Концептуализм не стремился к созданию новых художественных произведений, считая, что в обществе уже предостаточно традиционных. Исходя из двойного существования объектов — физического и духовного, — они пытались выявить систему идей, знаний, норм, стоящих «за ними» и влияющих на восприятие. Знаемое, но невидимое определяет установку, условия ограничения восприятия, угол преломления. С помощью документации концептуалисты создают контекст, мысленную «раму», направляющую видение и понимание идеи.

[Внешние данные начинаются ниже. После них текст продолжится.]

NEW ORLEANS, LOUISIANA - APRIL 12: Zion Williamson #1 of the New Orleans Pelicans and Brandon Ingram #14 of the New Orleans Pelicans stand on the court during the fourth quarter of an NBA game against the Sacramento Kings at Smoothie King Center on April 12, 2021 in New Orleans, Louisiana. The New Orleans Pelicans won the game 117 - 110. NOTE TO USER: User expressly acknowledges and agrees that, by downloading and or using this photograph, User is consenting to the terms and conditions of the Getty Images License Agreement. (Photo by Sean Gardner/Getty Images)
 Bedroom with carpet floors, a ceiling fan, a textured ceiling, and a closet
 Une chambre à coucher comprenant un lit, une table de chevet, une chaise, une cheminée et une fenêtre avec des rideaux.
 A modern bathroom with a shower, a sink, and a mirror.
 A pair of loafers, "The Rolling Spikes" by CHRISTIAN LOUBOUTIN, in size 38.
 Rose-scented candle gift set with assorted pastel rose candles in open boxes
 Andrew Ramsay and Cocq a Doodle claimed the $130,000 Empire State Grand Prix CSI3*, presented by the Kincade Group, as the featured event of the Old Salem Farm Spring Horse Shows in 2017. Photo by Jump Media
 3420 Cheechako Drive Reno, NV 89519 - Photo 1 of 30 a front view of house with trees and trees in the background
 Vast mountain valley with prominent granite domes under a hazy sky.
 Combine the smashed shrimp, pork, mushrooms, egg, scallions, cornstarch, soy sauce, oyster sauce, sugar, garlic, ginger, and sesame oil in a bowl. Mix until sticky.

Дональд Берджи в 1968 году предъявил концепт под названием «Каменная серия», включающий булыжник и серию документов, где были зафиксированы его вес, плотность, спектрографический анализ, местоположение на карте, данные, полученные с помощью электронного микроскопа и просвечивания в рентгеновских лучах, карты поверхности земли, снятые с различных уровней и проекций, состав минеральных веществ. Концепт демонстрировал несовпадение видимого и невидимого, но знаемого, меняющего восприятие обычного камня. Добровольно устроившись в госпитале, Берджи собрал данные всех своих анализов, позже представил запись своих показаний, сделанных на детекторе лжи, создав концепт собственного тела и духа, видимый сквозь общественные службы и институты. Не заходя так далеко, можно признать, что многочисленные документы, дань, уплачиваемая обществу личностью, фиксируют ее положение в социальном пространстве. Документация показывает взгляд общества на личность как на пункт пересечения различных социальных ролей, каталог различных сведений, ходячий банк информации.